Survé to sue finance authority for ‘unjust’ raid
Citizen reporter
Following a raid of Sekunjalo Investment Holdings, the offices of controversial businessperson and publisher Iqbal Survé, by the Financial Sector Conduct Authority (FSCA) and the police, the company said it was launching a lawsuit against the FSCA, accusing it of misleading a court of law.
The statement said Judge Patric Gamble’s decision to grant the application that led to the raid “was based on a gross misrepresentation of the facts and the vital omission of material information”.
The company would take the financial authority to the high court in a bid to get the application set aside, and had instructed legal counsel to “proceed with haste with an extensive damages claim against the FSCA, its acting commissioner, as well as the investigators that participated in the irregular raid on our offices”.
The statement claimed it was unjust that other companies accused of corruption, such as Steinhoff, Tongaat Hulett, EOH and “hundreds of other companies”, had not been raided and yet Sekunjalo had.
In a repetition of Survé’s claims following the raid in one of his own publications, Business Report, the statement accused those involved in the raid of “blatant abuse of power with the specific purpose to achieve private, personal and political agendas”.
“Their draconian actions are a violation of the constitutional rights of the citizens of our country and in particular, black business,” it read.
Minister of Public Enterprises Pravin Gordhan on Thursday hit back at Survé’s accusation that he was behind the search and seizure operation, calling it “malicious, yet nonsensical”.
His lawyer, Tebogo Malatji, said: “Survé has launched unsubstantiated attacks on our client without any evidence or facts.
“He also attacked the judiciary.
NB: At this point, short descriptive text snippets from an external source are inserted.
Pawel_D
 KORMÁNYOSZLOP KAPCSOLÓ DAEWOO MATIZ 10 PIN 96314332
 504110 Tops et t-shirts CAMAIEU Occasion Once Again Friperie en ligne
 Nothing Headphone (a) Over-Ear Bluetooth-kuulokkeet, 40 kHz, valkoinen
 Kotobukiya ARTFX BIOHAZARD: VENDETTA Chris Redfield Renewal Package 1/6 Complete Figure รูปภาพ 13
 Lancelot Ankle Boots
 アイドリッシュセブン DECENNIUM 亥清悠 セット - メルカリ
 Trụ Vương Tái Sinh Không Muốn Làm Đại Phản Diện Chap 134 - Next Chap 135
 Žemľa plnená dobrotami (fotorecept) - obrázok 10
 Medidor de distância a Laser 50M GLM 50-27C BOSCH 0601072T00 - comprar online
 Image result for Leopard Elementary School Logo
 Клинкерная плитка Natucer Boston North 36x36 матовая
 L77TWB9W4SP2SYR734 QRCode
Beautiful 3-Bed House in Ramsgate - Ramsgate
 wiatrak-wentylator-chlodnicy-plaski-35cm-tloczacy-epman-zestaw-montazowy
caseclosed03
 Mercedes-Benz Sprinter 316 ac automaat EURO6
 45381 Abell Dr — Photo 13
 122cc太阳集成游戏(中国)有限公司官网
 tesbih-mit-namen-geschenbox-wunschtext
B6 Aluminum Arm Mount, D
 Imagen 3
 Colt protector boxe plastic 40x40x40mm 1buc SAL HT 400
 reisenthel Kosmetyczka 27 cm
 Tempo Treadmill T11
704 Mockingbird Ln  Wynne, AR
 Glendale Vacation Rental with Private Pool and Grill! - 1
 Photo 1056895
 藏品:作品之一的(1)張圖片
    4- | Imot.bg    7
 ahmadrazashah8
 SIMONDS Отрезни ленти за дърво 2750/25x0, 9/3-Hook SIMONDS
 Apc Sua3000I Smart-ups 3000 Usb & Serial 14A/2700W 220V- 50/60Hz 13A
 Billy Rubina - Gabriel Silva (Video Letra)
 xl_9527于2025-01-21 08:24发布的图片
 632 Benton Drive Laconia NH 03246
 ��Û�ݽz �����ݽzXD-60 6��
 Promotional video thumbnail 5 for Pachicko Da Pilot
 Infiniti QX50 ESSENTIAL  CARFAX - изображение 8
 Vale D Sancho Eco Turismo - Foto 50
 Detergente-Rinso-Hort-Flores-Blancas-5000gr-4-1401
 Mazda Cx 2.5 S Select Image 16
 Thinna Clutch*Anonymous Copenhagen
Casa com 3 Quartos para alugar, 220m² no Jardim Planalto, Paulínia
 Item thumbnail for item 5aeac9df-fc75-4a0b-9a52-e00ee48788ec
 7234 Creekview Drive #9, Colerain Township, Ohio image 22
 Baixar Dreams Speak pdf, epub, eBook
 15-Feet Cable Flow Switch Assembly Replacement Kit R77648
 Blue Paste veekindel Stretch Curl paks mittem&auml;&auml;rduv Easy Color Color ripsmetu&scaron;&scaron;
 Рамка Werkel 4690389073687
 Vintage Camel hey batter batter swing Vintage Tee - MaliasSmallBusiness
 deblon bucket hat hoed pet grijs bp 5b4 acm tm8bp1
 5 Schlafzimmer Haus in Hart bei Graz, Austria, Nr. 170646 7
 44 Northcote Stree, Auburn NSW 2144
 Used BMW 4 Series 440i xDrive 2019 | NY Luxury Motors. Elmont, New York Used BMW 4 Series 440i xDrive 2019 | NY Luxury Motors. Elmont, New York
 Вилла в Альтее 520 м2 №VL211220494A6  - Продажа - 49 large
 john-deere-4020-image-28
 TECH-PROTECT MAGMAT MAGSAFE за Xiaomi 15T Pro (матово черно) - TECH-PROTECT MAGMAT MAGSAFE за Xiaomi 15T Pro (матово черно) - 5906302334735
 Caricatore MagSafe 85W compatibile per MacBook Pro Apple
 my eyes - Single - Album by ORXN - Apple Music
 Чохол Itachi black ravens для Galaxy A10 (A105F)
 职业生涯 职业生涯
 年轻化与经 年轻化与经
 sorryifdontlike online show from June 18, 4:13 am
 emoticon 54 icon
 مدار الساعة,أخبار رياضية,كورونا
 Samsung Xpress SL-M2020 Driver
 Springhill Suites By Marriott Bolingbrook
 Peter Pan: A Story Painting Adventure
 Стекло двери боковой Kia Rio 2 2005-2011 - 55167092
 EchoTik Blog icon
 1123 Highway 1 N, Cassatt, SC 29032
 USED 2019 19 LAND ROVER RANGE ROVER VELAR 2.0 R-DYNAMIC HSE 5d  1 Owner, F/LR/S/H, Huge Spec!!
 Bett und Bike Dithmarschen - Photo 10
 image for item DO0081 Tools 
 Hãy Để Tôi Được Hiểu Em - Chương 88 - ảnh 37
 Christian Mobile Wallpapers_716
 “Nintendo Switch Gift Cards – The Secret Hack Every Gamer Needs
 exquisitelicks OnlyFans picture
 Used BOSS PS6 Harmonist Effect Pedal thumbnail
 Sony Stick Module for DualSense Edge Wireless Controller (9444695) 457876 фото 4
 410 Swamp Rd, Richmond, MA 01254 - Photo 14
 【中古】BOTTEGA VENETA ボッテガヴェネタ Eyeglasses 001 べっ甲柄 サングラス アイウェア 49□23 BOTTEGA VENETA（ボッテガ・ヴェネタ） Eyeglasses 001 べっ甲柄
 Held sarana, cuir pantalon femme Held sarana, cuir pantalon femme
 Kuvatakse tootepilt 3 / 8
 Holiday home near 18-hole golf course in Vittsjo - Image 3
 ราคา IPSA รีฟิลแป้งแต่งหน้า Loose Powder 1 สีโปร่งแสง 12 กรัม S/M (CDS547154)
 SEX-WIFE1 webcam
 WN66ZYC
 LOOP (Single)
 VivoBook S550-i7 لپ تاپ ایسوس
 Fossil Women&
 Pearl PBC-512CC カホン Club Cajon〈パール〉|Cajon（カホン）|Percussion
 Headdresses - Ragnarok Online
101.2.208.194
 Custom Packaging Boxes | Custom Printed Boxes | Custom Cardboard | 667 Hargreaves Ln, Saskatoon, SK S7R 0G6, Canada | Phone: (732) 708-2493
The chief justice has invited those who make these kinds of allegations against judges to come forward with evidence to prove any impropriety on the part of judicial officers.
“Survé is invited to produce proof of the allegations he has made about the two judges.”
The FSCA said the operation was part of an investigation into allegations of prohibited trading practices (market manipulation) and possible contraventions of section 80 of the Financial Markets Act.